*Problem description*.
Would you retype exactly the lines below, from the one containing "GLOP CAP - Bilde 16" through the end of the entries, both ends included, but not the pictures?

[[ Exercise inputs open ]]

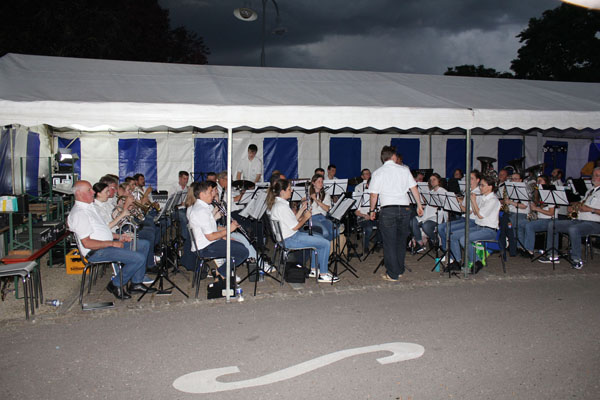 Photoen vum Duerffest 2024 - Photo 140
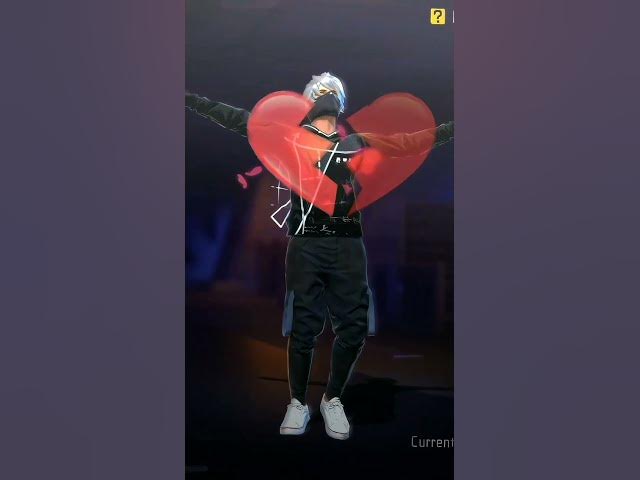 Video thumbnail for 💔💔💔🫀🫀🥀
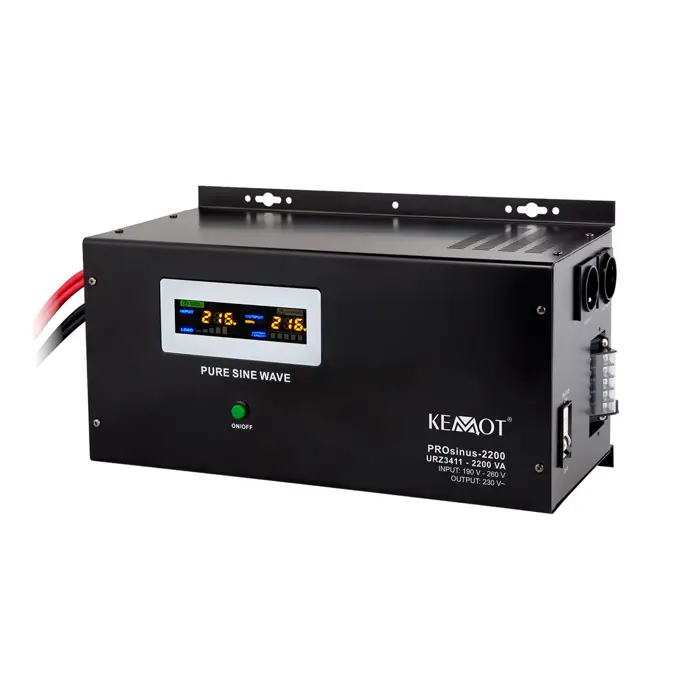 wall-mounted-uninterruptible-power-supply-kemot-prosinus-220-37471-wlononwcrasd8.webp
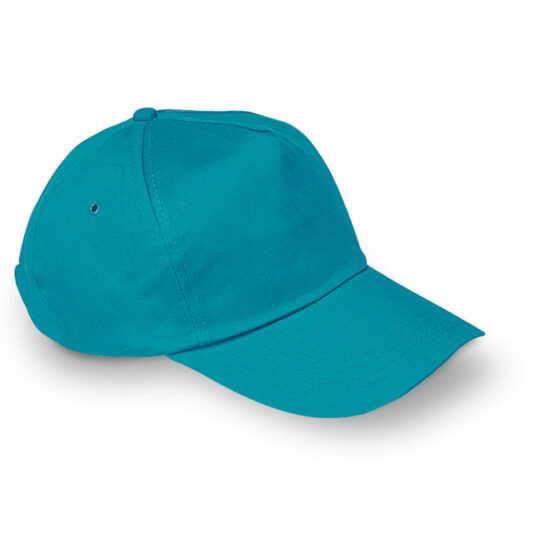 GLOP CAP - Bilde 16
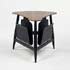 Wright-Magazine table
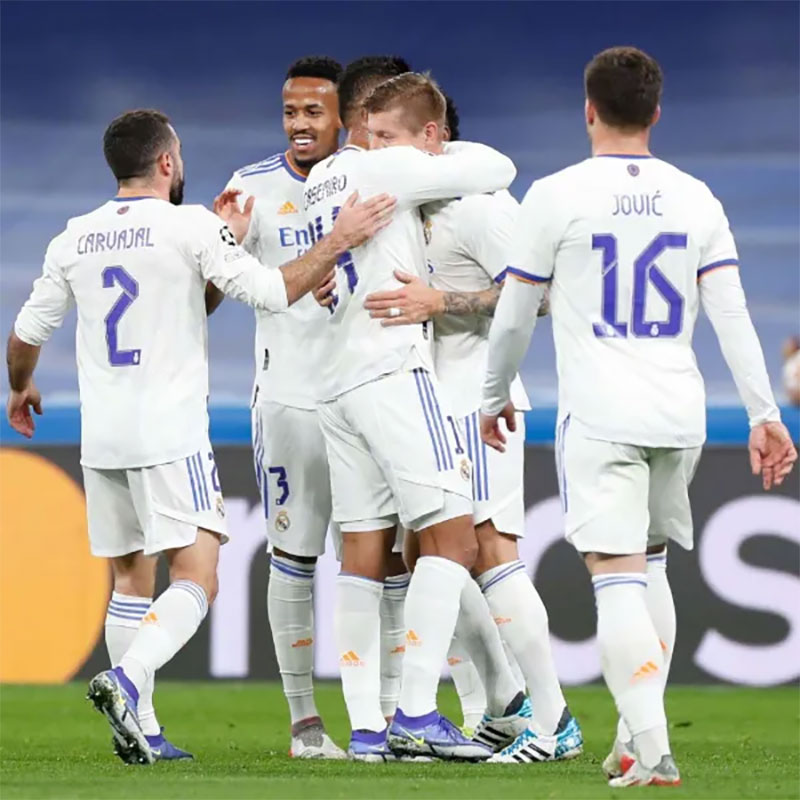 曼联前锋马 曼联前锋马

[[ Exercise inputs closed ]]

*Result*.
 GLOP CAP - Bilde 16
 Wright-Magazine table
 曼联前锋马 曼联前锋马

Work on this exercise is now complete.